* **Raw data**
>>>>>

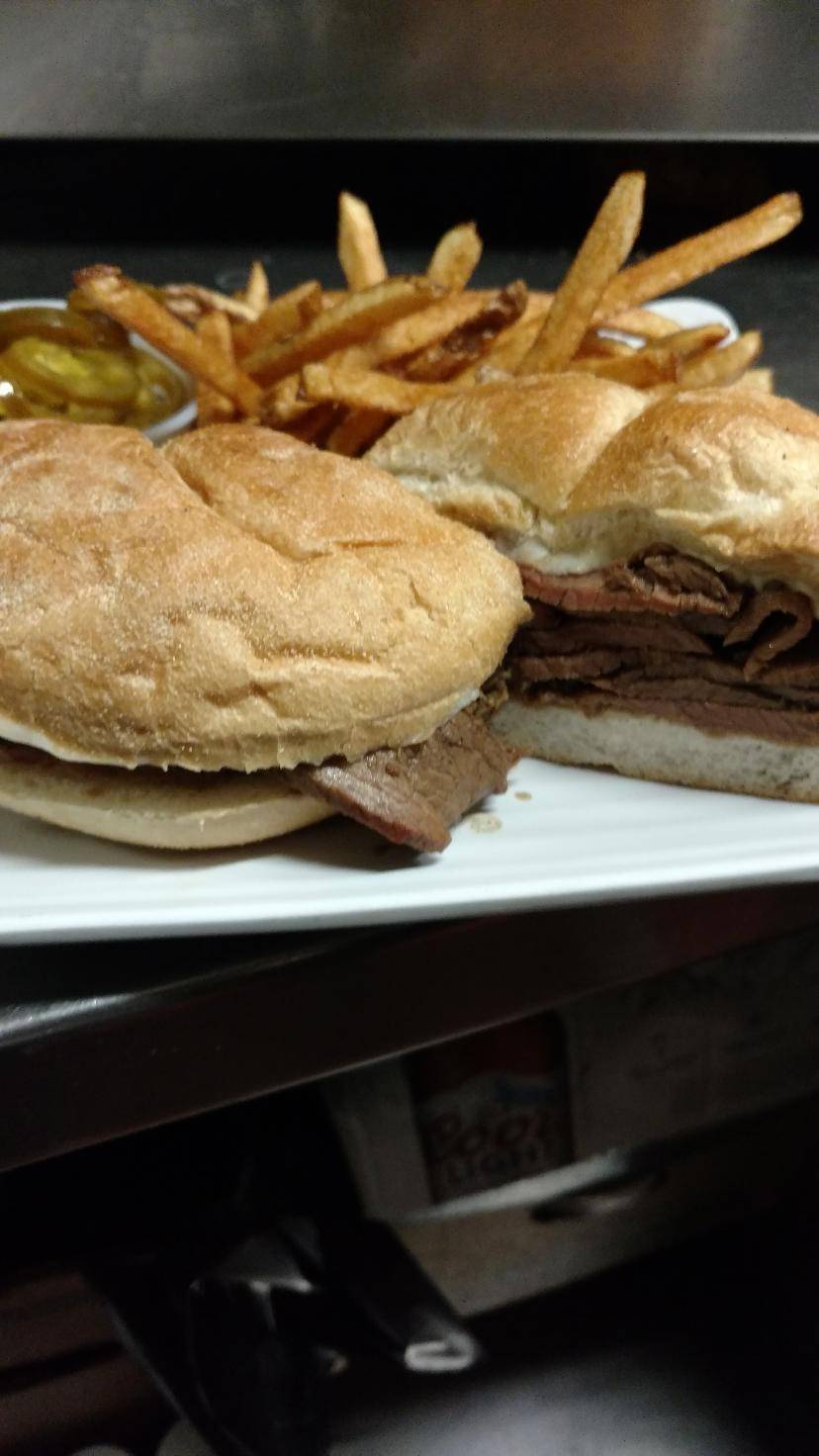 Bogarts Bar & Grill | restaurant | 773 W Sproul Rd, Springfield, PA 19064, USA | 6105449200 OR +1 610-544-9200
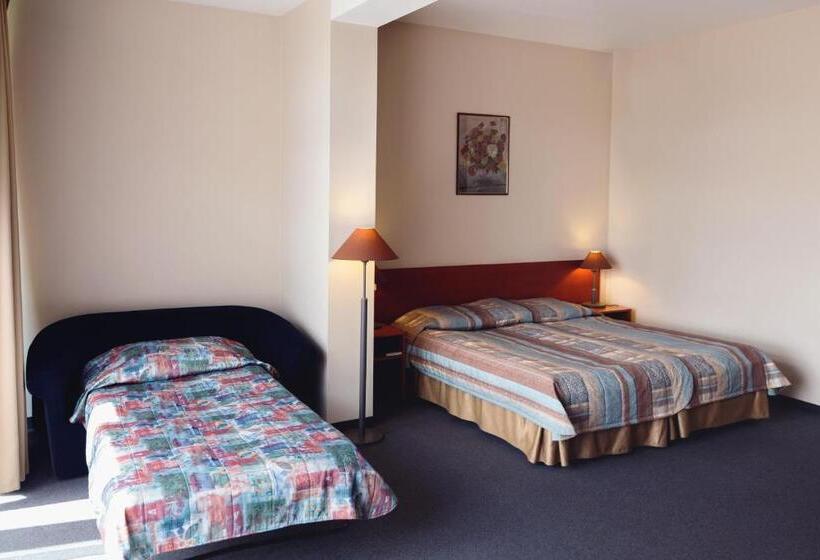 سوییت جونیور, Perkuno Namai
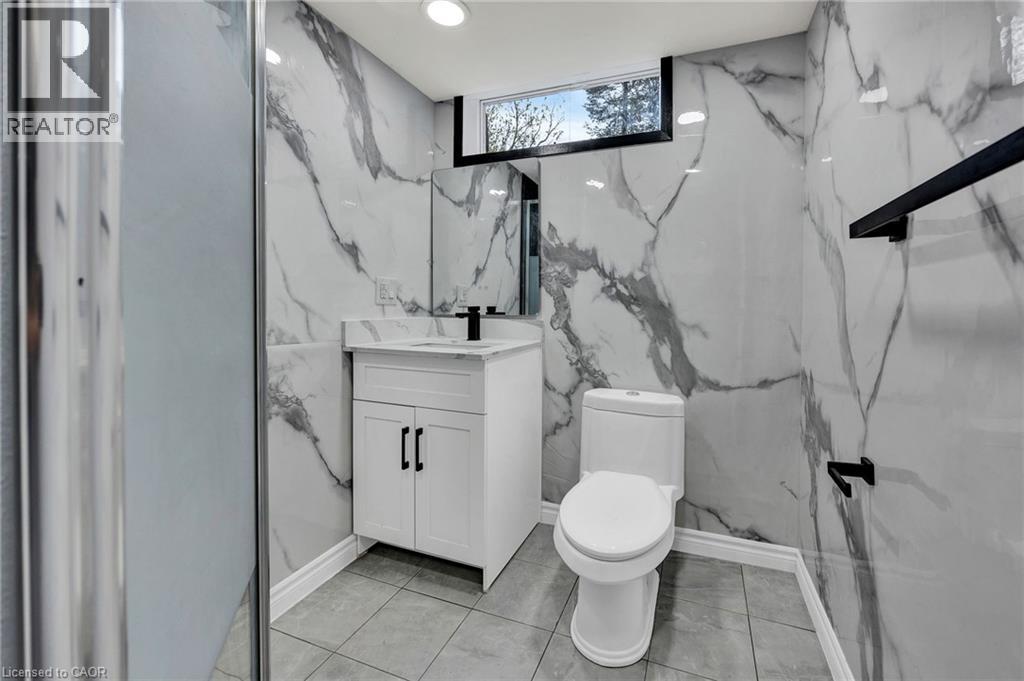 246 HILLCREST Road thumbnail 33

<<<<<

* **Your goal**
Print the listing again exactly, please. Keep the pictures out of it.

* **Written solution**
 Bogarts Bar & Grill | restaurant | 773 W Sproul Rd, Springfield, PA 19064, USA | 6105449200 OR +1 610-544-9200
 سوییت جونیور, Perkuno Namai
 246 HILLCREST Road thumbnail 33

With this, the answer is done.